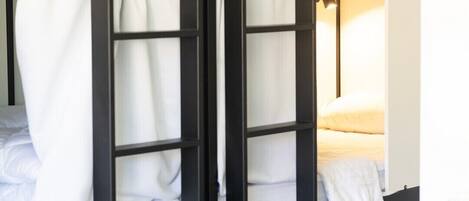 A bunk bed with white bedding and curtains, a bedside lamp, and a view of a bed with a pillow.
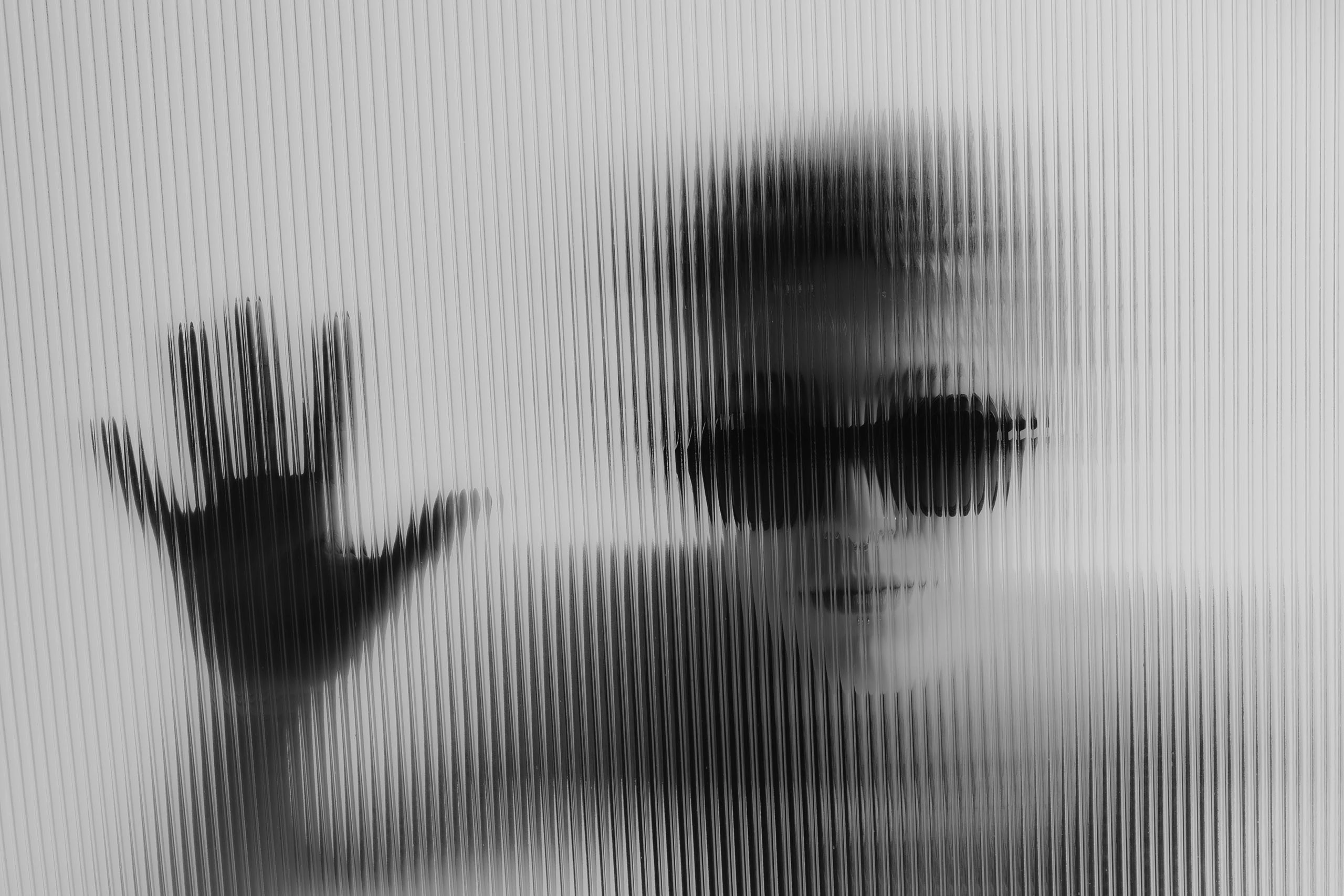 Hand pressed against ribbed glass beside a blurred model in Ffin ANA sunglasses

****************************************

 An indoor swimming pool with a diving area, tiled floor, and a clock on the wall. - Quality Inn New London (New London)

****************************************

### TASK BRIEF
"A bunk bed with" marks the first line to copy, and "Hand pressed against" marks the last. Repeat that stretch above exactly, with no pictures.

### RESULT OF THE TASK
 A bunk bed with white bedding and curtains, a bedside lamp, and a view of a bed with a pillow.
 Hand pressed against ribbed glass beside a blurred model in Ffin ANA sunglasses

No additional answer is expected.